Otra cosa es la resistencia popular a la idea de reelección inmediata. En la imaginación compartida, se identifica reelección con perpetuación, pues se vincula la idea con las tres décadas de la presidencia de Porfirio Díaz. La memoria colectiva no toma en cuenta que el problema fundamental no era la posibilidad de reelegir, sino la inexistencia de elecciones reales, libres y competitivas. En las condiciones actuales de desarrollo del sistema electoral la perpetuación artificial en el cargo de un legislador o un gobernante, sin el apoyo real de los electores, es prácticamente imposible, mientras que el sistema vigente hace que cada tres años se tire a la basura el aprendizaje y la experiencia de cientos de políticos. En el caso de los ayuntamientos, el corto horizonte temporal de su encargo hace que se comporten como bandidos depredadores que usan el primer año para ver de qué se trata el puesto, el segundo para hacer acuerdos beneficiosos y el tercero para recoger sus ganancias.
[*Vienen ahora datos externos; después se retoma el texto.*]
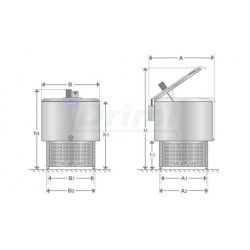Chladicí tank Milkplan MPV 50 litrů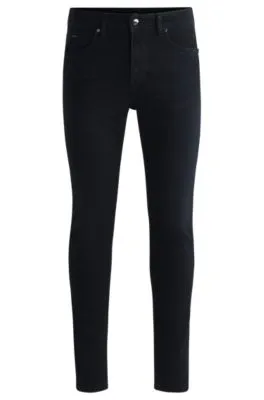 Slim-fit jeans in blue-black comfort-stretch denim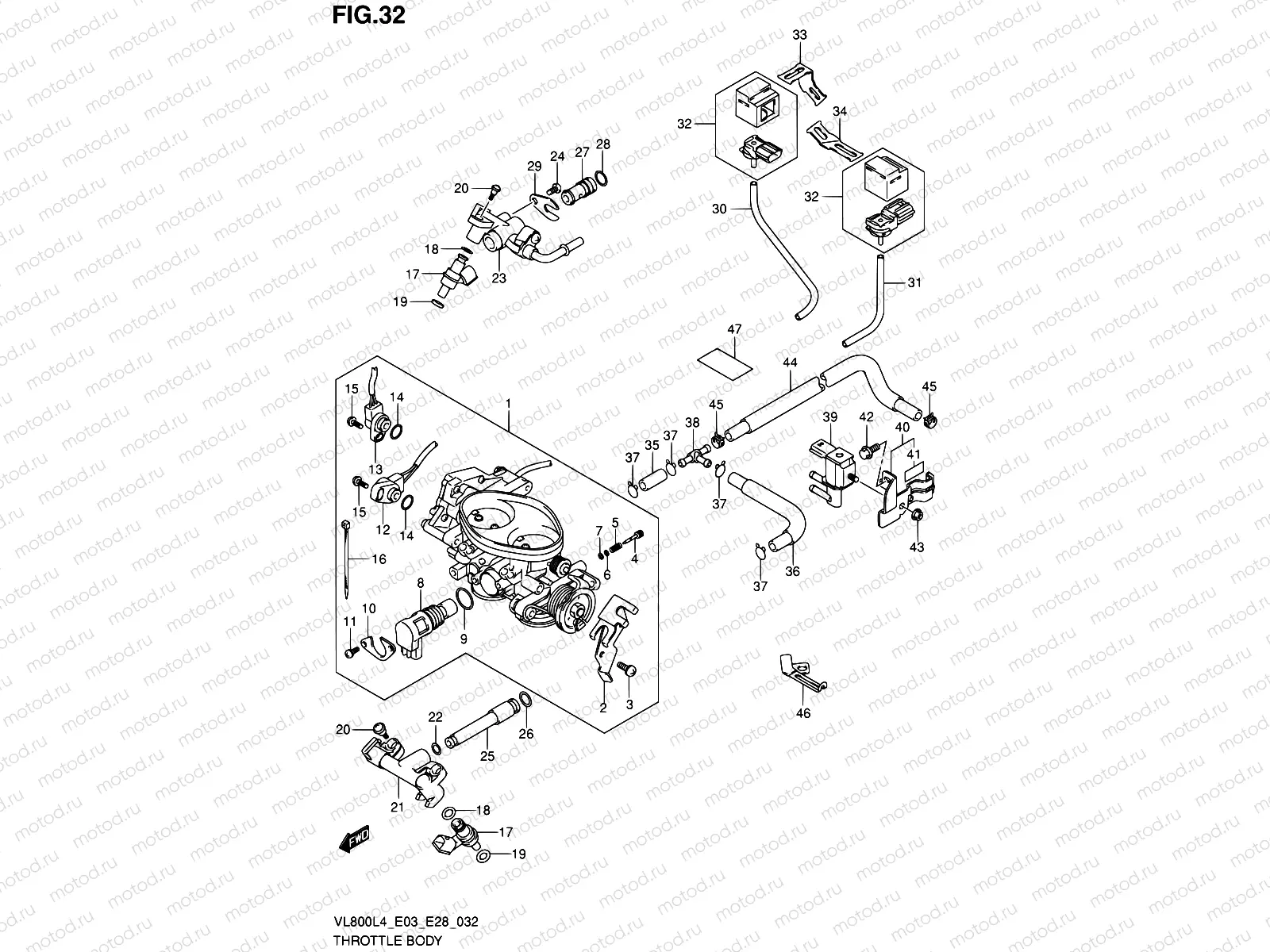 32 - THROTTLE BODY (VL800CL4 E33)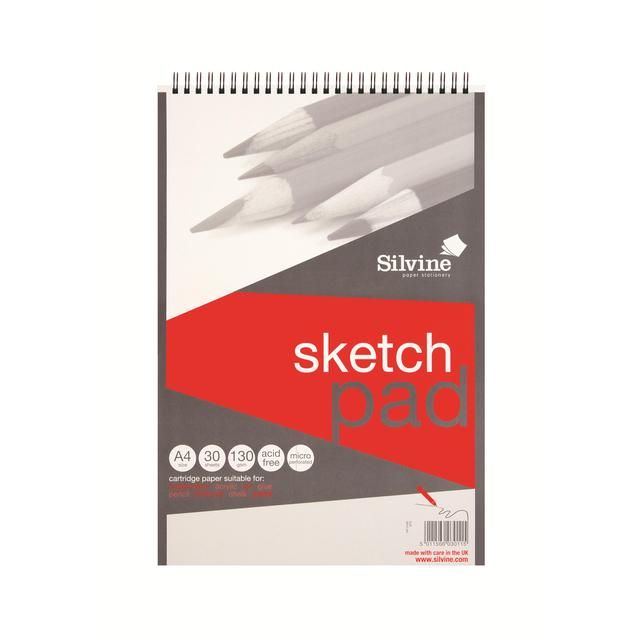 Silvine A4+ Twin Wire Sketch Pad GOODS M&S   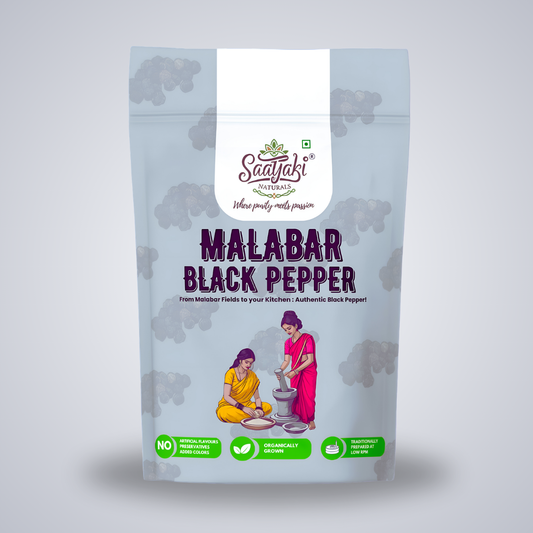 Malabar Black Pepper - Premium Whole Kali Mirch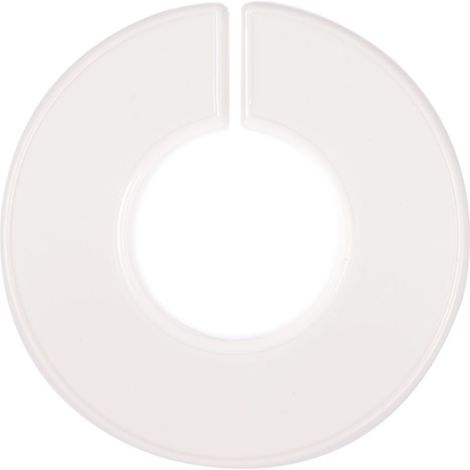 Sollbry Lot de 10 séparateurs de taille pour porte-vêtements, cintres ronds pour garde-robe (blanc) (1/3)
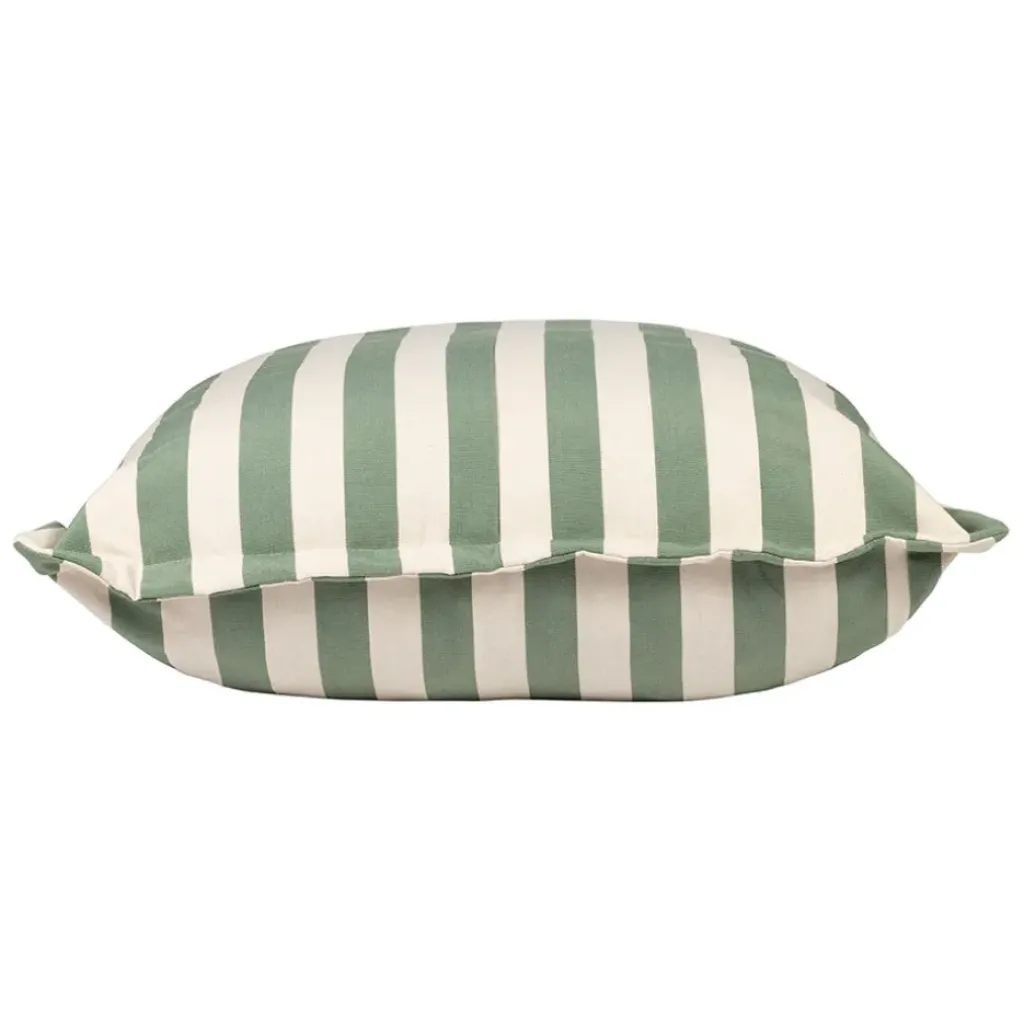 Fabrique de Styles Pouf d'extérieur en tissu rayé et écru 95x95cm - Sola*Enfant Jardin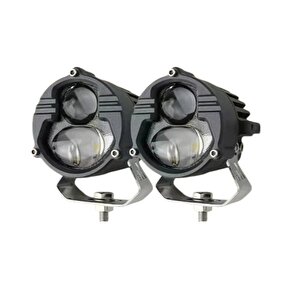 Space Offroad Sis Lambası 6.8x6.8x7cm Sarı Beyaz 25w+25w 12-60v Set /  Lass388
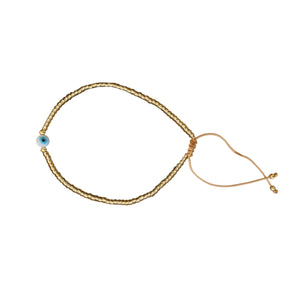 Gold Eye Anklet
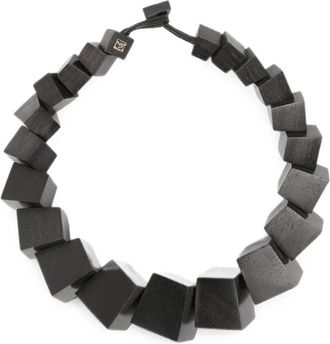 Monies Necklace Wooden Cubes Aether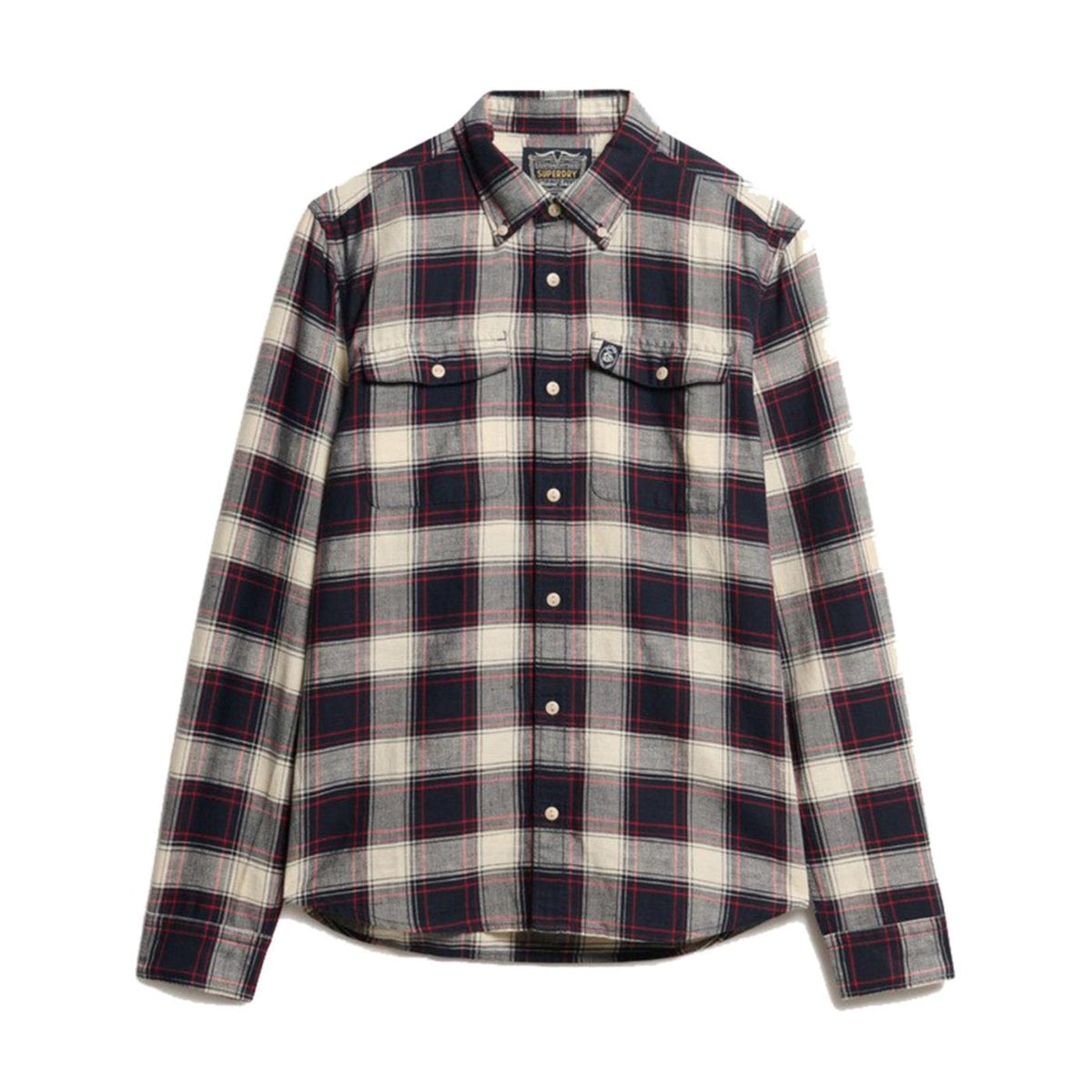 SUPERDRY MERCHANT LINEN CHECK SHIR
Incluso si las elecciones no fueran libres, sería mejor la existencia de bandidos estacionarios con horizonte de largo plazo, como los del modelo de Mancur Olson, que lo que hoy tenemos.
Por eso, uno de los pocos temas realmente importantes de la reciente discusión sobre la reforma política es la de la posibilidad de reelección inmediata de legisladores y alcaldes. Entre el montón de paparruchas presentadas por unos y otros, —INE, candidaturas ciudadanas, anulación por rebasar topes de campaña y demás— la única reforma sustancial sería aprobar la posibilidad de reelección.
Sin embargo, también en este tema los partidos han mostrado una vez más su incapacidad y estulticia. Resulta que de aprobarse, la reelección podría ser sólo por un período. Si eso es lo que queda, habremos visto un nuevo parto de los montes, del que saldrá una criatura débil y contrahecha. La virtud de la posibilidad de reelección sin límite conocido es que crea un juego con rondas consecutivas, sin final conocido de antemano. Si un legislador o alcalde sabe que sólo se puede reelegir una vez, usará el primer período para congraciarse con aquellos que lo puedan ayudar a reelegirse, mientras el segundo será de depredación o desidia. Lo mismo de hoy, pero multiplicado por dos.
En lugar de conseguir los beneficios de un arreglo donde la carrera de los políticos dependa realmente de su conexión con los electores, lo que tendremos es lo mismo de ahora, pero multiplicado por dos en el tiempo. Además, los legisladores actuales muestran su mal gusto y falta de tacto político, cuando pretenden que la reforma los beneficie a ellos y se aplique para las elecciones de 2015, cuando la etiqueta política haría razonable que fuera un cambio aplicable después de un período —en 2018 para diputados y en 2024 para senadores—, pero pedir buen gusto y mesura a los políticos mexicanos, es ya pedir demasiado.